* **What to produce**
Wherever the string "Toyota" shows up in the data below, copy the whole line.

* **Data records**
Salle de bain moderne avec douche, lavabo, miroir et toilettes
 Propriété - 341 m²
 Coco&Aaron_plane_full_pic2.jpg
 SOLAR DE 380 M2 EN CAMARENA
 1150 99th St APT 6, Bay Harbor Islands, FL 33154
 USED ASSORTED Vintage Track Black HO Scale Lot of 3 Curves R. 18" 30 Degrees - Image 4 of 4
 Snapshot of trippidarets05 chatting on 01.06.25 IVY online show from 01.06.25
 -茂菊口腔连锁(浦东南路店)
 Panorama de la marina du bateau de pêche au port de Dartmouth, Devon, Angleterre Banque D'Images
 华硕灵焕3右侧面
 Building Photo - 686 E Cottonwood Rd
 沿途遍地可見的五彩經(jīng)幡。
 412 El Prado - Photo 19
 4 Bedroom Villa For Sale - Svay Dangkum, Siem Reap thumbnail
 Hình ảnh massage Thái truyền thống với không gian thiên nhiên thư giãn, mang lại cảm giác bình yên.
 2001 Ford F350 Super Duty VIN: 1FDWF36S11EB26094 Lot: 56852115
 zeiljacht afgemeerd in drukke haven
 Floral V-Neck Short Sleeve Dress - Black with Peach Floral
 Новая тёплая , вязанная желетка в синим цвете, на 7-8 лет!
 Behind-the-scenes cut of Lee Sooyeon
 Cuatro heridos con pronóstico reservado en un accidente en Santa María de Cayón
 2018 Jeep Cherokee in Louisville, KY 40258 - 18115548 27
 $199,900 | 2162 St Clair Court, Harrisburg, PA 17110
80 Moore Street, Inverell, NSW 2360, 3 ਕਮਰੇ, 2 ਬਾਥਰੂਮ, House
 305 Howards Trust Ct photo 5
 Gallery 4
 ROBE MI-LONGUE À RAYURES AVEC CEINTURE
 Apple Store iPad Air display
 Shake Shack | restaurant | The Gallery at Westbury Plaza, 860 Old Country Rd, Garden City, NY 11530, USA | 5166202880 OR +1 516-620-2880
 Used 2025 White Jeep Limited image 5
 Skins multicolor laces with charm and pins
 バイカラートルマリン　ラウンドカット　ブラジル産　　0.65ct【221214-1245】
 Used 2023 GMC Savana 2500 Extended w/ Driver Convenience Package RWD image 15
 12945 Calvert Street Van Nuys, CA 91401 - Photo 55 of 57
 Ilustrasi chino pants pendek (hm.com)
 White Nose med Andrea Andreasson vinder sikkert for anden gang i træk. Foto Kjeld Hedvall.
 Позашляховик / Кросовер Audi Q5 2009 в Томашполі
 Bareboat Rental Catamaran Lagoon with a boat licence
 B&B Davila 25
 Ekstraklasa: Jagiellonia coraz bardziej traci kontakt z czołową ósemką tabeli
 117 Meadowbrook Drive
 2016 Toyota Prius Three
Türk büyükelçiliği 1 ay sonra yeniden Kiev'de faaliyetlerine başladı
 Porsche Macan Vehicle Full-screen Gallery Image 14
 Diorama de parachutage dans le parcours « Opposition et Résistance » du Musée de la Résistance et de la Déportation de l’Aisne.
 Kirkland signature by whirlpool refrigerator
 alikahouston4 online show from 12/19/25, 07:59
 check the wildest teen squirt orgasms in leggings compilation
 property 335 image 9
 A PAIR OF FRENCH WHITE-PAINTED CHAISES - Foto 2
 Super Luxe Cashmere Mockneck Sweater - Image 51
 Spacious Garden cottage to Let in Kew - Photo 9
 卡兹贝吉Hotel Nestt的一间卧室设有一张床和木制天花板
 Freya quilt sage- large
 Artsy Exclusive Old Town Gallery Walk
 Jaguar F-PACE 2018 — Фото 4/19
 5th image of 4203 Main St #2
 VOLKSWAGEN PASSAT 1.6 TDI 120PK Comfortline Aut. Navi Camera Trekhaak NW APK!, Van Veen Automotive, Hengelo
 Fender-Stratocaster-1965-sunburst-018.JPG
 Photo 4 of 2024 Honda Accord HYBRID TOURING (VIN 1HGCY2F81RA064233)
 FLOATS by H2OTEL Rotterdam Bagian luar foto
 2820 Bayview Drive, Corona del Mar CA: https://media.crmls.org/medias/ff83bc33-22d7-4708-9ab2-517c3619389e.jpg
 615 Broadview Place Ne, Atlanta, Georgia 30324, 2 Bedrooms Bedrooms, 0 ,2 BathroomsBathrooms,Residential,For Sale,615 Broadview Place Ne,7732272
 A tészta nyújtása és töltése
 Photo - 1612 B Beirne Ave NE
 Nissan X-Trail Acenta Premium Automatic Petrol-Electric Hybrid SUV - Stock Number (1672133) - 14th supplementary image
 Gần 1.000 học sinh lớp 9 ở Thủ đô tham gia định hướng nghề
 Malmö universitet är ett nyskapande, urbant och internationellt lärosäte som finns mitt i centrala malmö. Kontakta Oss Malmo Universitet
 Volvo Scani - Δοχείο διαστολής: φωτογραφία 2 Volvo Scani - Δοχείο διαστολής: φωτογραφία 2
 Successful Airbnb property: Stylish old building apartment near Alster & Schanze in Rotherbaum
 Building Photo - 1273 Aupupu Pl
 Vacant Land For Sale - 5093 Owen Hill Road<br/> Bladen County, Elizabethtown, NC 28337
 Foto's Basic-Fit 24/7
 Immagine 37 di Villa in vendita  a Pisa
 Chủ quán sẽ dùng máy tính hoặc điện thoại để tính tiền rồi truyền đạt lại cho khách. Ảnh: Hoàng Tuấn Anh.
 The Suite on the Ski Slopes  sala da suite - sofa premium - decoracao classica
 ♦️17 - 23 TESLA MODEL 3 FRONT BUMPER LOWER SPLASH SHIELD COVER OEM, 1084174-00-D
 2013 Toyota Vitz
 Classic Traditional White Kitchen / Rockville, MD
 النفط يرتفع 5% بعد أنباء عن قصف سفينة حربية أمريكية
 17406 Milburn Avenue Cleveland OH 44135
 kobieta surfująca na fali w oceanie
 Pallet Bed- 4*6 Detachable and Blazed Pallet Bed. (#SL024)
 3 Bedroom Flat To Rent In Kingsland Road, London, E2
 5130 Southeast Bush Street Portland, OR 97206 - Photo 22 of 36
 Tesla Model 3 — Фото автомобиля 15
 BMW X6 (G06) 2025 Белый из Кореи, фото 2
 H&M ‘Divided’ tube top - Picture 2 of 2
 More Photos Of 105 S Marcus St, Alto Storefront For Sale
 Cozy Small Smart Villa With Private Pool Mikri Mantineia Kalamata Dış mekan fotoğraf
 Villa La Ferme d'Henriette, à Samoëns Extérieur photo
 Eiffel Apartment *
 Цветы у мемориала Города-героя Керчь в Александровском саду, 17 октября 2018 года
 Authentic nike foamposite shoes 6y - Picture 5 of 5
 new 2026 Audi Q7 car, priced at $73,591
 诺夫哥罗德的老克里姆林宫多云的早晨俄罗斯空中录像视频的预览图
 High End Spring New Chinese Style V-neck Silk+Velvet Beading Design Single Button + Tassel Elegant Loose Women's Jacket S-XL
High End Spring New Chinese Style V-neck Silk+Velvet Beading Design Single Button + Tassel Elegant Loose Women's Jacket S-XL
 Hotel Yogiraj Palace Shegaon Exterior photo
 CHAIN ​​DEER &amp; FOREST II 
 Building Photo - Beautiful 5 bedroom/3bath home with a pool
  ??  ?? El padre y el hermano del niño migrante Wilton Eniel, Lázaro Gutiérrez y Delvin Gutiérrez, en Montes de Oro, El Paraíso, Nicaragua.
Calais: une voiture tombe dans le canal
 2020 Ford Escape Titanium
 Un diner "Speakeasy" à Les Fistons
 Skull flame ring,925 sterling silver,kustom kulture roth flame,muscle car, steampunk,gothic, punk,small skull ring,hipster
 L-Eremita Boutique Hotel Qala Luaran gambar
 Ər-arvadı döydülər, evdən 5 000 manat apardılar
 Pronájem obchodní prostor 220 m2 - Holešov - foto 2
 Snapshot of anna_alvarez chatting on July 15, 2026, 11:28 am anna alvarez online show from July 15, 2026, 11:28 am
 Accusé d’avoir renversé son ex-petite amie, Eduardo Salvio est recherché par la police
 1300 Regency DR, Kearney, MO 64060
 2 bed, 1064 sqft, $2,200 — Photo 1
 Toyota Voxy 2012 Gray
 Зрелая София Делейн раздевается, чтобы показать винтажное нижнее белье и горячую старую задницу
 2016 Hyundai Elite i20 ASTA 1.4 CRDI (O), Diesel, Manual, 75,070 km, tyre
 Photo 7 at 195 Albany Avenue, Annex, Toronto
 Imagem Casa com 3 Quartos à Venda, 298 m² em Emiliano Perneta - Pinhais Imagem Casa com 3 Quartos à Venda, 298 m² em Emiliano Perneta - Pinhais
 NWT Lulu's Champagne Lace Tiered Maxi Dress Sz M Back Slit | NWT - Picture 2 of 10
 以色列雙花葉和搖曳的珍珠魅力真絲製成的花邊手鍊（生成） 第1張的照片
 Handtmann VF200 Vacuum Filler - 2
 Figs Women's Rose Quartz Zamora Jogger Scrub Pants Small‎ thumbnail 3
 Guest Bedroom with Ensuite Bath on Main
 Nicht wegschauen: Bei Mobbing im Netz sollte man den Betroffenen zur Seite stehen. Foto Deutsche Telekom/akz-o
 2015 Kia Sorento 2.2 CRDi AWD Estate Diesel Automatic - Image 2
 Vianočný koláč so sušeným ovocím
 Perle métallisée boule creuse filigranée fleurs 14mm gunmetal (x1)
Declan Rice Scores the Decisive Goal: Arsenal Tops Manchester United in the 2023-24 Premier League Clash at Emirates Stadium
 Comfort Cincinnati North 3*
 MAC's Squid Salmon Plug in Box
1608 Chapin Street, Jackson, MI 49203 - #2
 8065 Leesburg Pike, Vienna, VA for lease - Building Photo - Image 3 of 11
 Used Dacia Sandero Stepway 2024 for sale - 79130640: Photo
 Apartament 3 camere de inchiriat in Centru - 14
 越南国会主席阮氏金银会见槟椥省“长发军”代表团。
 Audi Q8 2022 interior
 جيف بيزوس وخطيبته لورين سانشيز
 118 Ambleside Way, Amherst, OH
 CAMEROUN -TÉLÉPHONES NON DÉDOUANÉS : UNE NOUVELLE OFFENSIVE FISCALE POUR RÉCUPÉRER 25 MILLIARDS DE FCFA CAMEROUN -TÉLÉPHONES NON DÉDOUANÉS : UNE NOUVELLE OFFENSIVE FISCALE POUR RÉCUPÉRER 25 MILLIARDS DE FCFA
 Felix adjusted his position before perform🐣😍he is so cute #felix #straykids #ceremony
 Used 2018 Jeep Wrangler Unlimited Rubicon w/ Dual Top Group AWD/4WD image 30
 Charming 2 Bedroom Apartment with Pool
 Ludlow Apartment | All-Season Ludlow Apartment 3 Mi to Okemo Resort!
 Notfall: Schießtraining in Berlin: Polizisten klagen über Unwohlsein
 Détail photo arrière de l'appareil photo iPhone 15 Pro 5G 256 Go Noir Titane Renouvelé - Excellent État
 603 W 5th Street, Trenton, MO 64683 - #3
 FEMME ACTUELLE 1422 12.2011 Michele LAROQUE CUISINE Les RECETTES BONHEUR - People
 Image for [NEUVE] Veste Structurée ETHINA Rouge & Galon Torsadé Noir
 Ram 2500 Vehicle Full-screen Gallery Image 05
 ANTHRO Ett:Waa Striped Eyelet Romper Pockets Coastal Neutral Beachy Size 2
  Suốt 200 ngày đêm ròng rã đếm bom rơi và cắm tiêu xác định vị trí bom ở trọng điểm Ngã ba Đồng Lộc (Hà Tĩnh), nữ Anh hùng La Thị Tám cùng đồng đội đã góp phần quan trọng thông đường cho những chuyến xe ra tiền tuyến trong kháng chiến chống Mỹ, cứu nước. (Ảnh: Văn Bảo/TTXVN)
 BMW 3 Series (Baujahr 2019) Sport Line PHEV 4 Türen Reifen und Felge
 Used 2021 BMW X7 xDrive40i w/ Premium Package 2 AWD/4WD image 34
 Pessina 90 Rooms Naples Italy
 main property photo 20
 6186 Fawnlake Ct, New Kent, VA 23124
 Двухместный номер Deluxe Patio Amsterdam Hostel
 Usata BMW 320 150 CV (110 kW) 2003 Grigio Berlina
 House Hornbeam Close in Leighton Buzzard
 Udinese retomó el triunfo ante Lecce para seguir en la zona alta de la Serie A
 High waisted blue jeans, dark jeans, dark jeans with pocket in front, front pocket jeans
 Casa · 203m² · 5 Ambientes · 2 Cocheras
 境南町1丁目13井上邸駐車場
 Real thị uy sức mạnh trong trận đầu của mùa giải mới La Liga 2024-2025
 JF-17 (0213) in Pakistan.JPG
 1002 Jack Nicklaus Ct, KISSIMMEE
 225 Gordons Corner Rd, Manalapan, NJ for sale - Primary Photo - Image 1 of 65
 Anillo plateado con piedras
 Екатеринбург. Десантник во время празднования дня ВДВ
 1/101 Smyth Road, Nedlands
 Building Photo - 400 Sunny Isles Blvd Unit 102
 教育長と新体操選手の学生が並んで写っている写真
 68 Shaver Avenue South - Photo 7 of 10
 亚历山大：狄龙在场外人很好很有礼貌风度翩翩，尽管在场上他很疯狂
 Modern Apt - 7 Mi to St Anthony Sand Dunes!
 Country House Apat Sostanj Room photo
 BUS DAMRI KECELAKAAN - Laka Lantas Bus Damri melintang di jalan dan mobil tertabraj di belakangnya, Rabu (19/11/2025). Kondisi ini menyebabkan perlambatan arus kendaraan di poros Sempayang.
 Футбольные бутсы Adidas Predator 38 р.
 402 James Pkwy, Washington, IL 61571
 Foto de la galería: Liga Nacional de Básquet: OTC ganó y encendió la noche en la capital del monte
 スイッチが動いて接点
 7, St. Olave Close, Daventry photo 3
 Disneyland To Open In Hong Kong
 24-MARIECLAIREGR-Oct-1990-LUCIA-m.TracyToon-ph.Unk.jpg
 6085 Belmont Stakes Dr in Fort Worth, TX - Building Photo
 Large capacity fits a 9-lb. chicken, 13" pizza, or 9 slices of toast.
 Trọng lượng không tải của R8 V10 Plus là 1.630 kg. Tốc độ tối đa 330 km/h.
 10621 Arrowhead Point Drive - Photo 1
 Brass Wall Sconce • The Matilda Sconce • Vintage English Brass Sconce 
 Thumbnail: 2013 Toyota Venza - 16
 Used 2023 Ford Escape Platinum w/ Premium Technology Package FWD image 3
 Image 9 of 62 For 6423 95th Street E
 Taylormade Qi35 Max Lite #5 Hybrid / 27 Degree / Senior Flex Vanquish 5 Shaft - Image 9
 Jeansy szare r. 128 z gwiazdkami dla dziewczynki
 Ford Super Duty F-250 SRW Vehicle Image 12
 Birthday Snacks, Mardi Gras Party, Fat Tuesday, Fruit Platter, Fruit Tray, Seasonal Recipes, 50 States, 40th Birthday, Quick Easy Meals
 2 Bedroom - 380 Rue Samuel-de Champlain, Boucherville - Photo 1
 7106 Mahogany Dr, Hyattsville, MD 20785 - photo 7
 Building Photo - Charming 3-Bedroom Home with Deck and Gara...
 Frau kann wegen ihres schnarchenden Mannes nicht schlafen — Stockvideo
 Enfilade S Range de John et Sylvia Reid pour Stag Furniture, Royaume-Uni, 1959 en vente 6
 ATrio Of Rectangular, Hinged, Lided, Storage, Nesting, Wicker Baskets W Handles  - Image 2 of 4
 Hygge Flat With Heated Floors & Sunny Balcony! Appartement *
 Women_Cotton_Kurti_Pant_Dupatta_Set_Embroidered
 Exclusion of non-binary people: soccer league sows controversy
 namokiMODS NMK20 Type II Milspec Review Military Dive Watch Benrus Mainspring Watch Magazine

* **Result below**
 2016 Toyota Prius Three
 2013 Toyota Vitz
 Toyota Voxy 2012 Gray
 Thumbnail: 2013 Toyota Venza - 16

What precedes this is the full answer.